Tax Tip – the cost of a gift, which is not food, drink or tobacco, with a conspicuous advertisement for your business is tax deductible if the VAT exclusive cost is less than £50, and it is not part of a series of gifts to the same person in the same accounting period that cost more than £50.
A gift for your client – what the VAT man wants
VAT on gifts to customers is identical to that for gifts to employees, so you must account for VAT if the gift alone, or series of gifts together, have a value of more than £50.
Tax Tip – by concession, HMRC will allow a business to simply not reclaim the VAT it was charged on the purchase rather than charging VAT on the ‘supply’ of a gift over £50.

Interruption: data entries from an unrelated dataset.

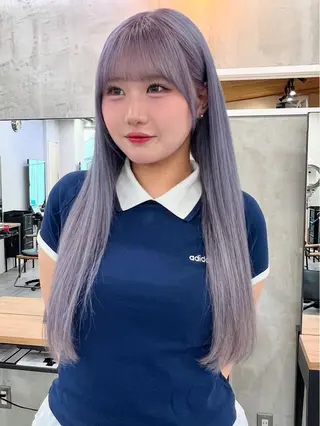 ロング 暖色カラー/レイヤー カット☁️MEI☁️のヘアスタイル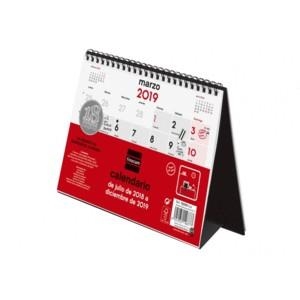 CALENDARI 18 MESOS 2018-2019 FINOCAM SOBRETAULA | 8422952163657 | FIN782010019 | Llibreria La Gralla | Librería online de Granollers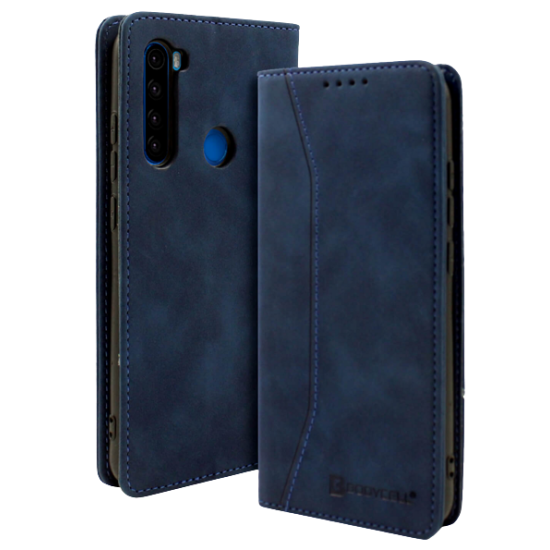 Bodycell Θήκη - Πορτοφόλι Xiaomi Redmi Note 8 / Note 8 2021 - Blue (5206015019722)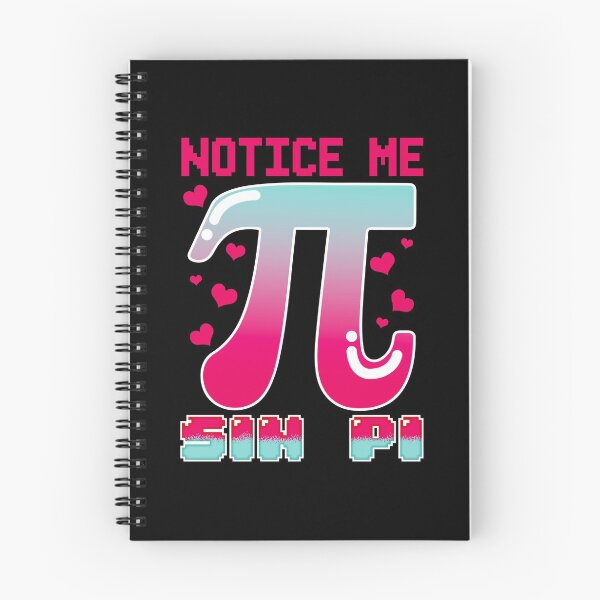 Item preview, Funny Notice Me Sin Pi Cute Math Anime Senpai Pun designed and sold by perfectpresents.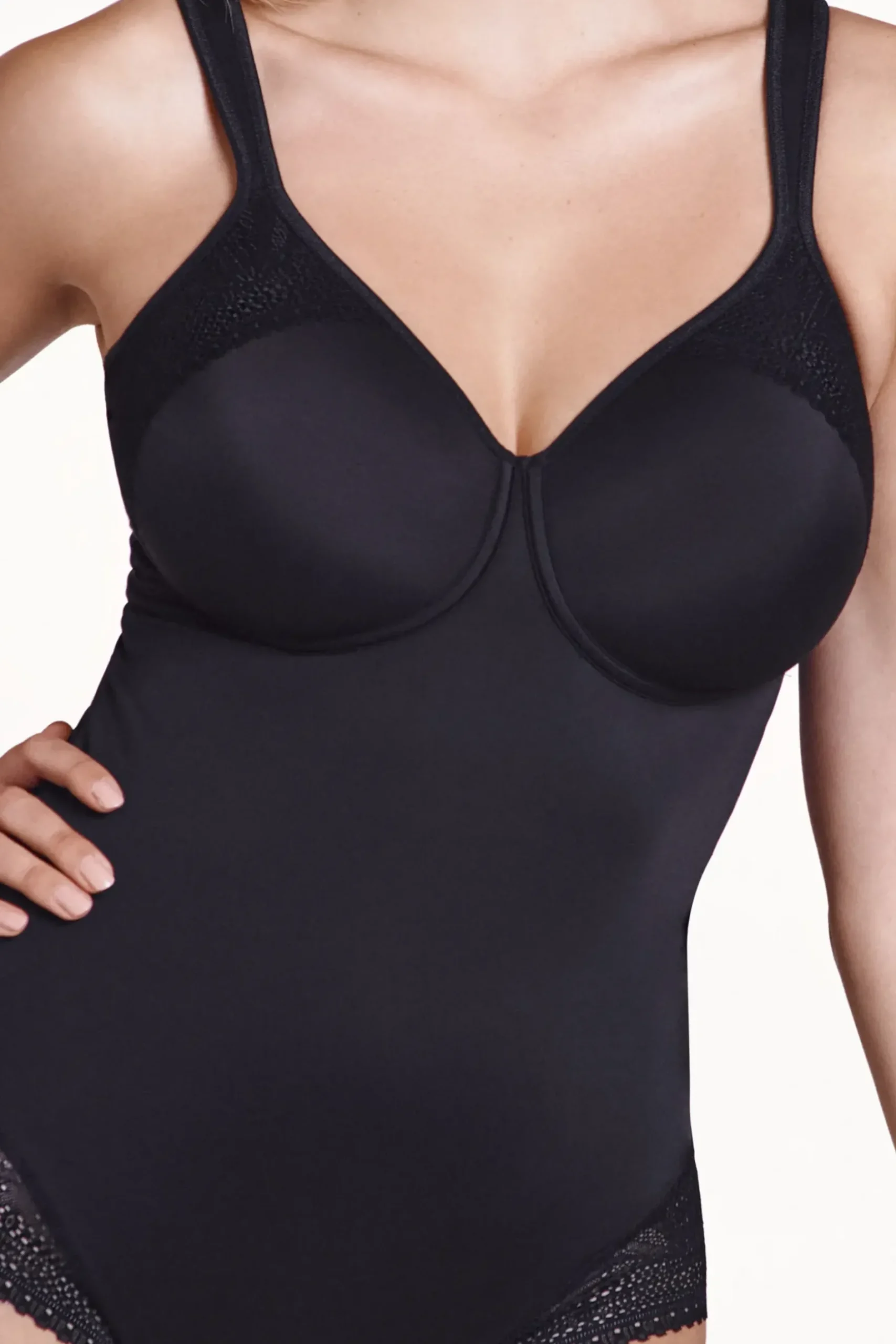 Discount Bügelloser Body mit Schalen »Gina« Damen Bodys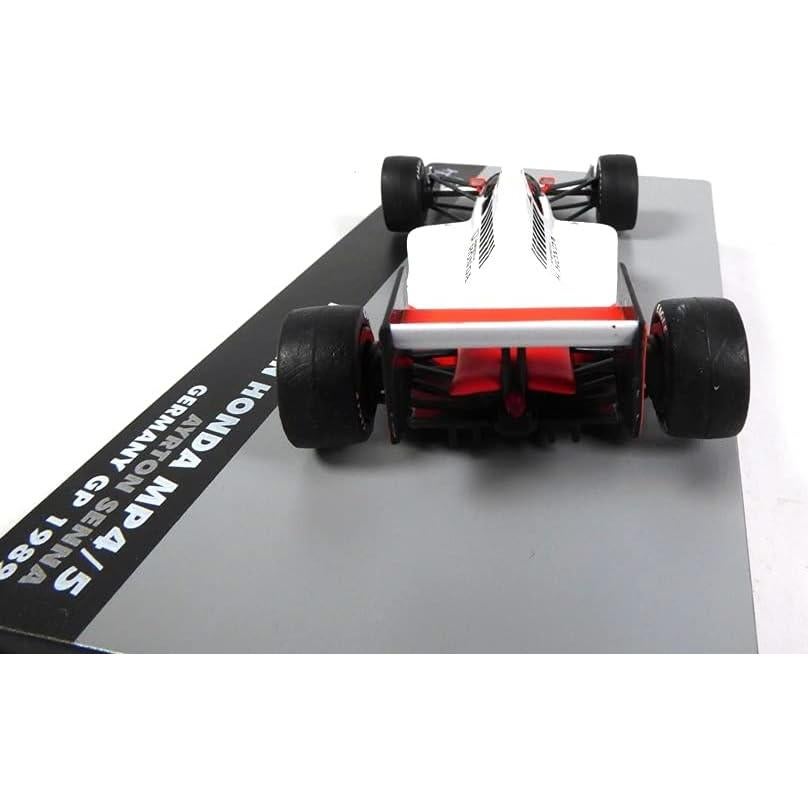 Coche de Fórmula 1 OPO 10 McLaren MP4/5 Ayrton Senna 1/43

Tax Tip – if your business has not claimed the VAT back on these types of gifts, and you still have the original purchase invoices, then you can claim the VAT back covering the last four years. If this VAT is less than £10,000 you can adjust it on your VAT return, otherwise you will have to inform HMRC separately by making a voluntary disclosure use form VAT 652.
Christmas isn’t special
Well not to the tax man anyway! As far as HMRC is concerned there’s nothing special about Christmas gifts and the usual direct tax and VAT rules apply. Did you expect anything different? Bah humbug!
You can claim tax relief for gifts to staff but not those for customers unless they include a conspicuous advertisement and are not food, alcohol or tobacco. VAT can usually be reclaimed, but if a gift exceeds £50 in value you must also account for VAT when you give it away. Keeping gifts below £50 is generally the most tax-efficient thing to do.